I miss you more than Michael Bay missed the mark in Tales of Transhumanism

  • Aug. 4, 2014, 2:14 a.m.
  • |
  • Public

It would be one thing if Michael Bay were merely a bad director. Bay is, in fact, a very bad director, evidenced not just by the more epic and bombastic flourishes of his movies but, rather, how he can't handle even the basic tasks of a filmmaker — transitions between scenes, constructing coherent story lines, conveying motion through space and time in a clear, logical fashion. (There's a sequence in "Transformers 2" where characters go into the National Air and Space Museum in Virginia and exit to an abandoned airfield under vast Arizona skies. No explanation, no plot device. It's not as if you have to know where those two things are to know they don't go together; you just have to have eyes and a brain.)

Bay's films are also the purest representation of the triumph of shareholder cinema, where a film's quality is irrelevant as long as it offers a suitable return on investment. Bay himself doesn't have a great interest in principle or any other impediment to maximum profit — in a pre-taped address to the crowd of theater owners at this year's CinemaCon, Bay said, "Do you remember last year how I said I'd never do 3-D? Well, I lied ..." — and that kind of willingness to sell out in the name of cashing in becomes even more grim as you look past Bay's own directorial work to look at the films he's given us from his Platinum Dunes production company, a series of low-quality remakes of films that didn't need to be remade, like "Friday the 13th" (2009), "The Texas Chainsaw Massacre" (2003) and "Nightmare on Elm Street" (2010). The idea that the money made by bad films goes to make more bad films is a Hollywood tradition, but with Bay the trick seems even crueler and more disheartening as the production pipeline is opened up to full flow.

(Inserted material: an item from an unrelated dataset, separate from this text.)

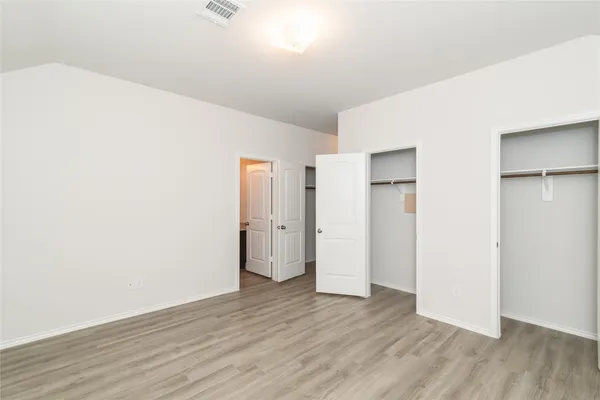 a view of an empty room with wooden floor and closet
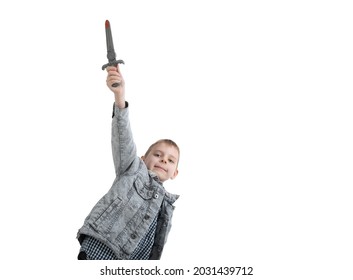 Young boy holding a toy dagger isolated on a white background. - Powered by Shutterstock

But perhaps the greatest offense that Bay has committed is this: He gives big, loud action a bad name by making films out of weak, bloated and cliché-riddled scripts — and worse, he doesn't have to. You can see sporadic flashes of skill in some of Bay's films — "The Island" is a bad film with several ace action sequences. The man also knows how to construct an attractive image, even if he saves it for weird moments that combine the art and look of country music videos, Army recruitment ads and truck commercials. There's no excuse for Bay to be making films as shoddy and expensive and lazy as "Armageddon" or "Bad Boys II" or the "Transformers" films. It's like watching a student who could be doing A-level (or even B-minus) work act out instead of focusing and, worse, inspire other kids to do the same.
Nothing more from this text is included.